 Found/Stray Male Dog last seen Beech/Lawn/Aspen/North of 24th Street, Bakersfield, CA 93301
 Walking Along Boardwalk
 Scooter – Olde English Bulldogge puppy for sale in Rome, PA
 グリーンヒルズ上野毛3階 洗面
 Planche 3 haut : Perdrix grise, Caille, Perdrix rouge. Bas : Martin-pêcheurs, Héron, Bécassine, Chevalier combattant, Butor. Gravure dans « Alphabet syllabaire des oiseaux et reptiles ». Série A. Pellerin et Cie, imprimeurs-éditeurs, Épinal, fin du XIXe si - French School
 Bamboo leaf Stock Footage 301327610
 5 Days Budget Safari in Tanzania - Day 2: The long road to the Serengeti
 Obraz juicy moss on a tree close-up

---

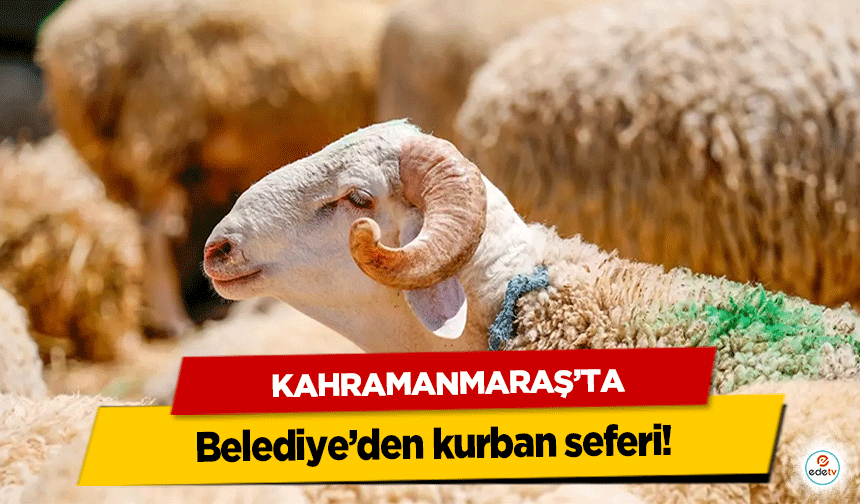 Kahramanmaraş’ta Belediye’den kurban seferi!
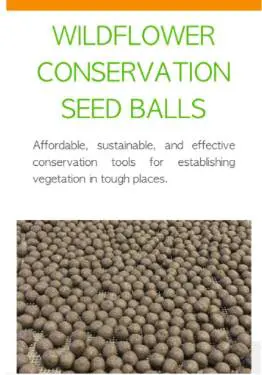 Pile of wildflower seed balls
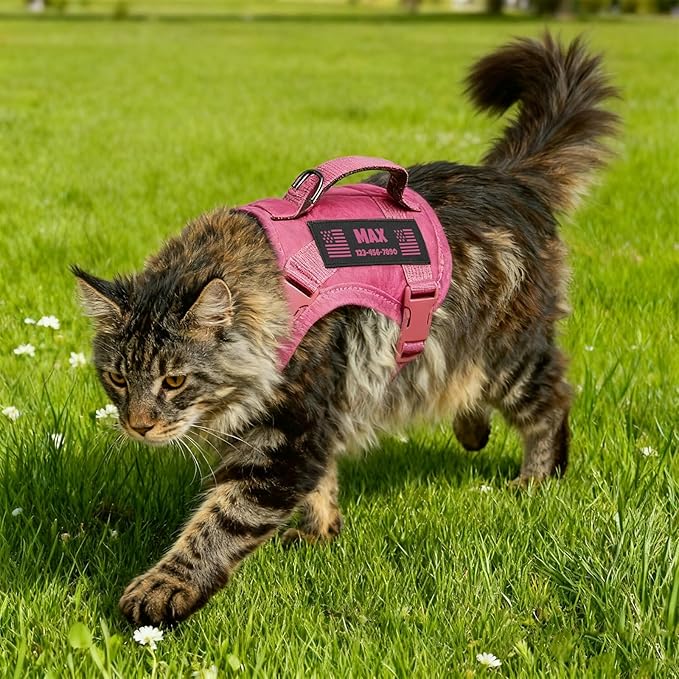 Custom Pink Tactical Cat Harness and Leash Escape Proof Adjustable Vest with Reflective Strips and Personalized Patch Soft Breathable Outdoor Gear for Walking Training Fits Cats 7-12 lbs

**WORK TASK**:
Only one stretch of the data above is needed. Restate it word for word, from the line containing "Bamboo leaf Stock Footage 301327610" through the line containing "Obraz juicy moss on a tree close-up", both ends included.

**ANSWER BOX**:
 Bamboo leaf Stock Footage 301327610
 5 Days Budget Safari in Tanzania - Day 2: The long road to the Serengeti
 Obraz juicy moss on a tree close-up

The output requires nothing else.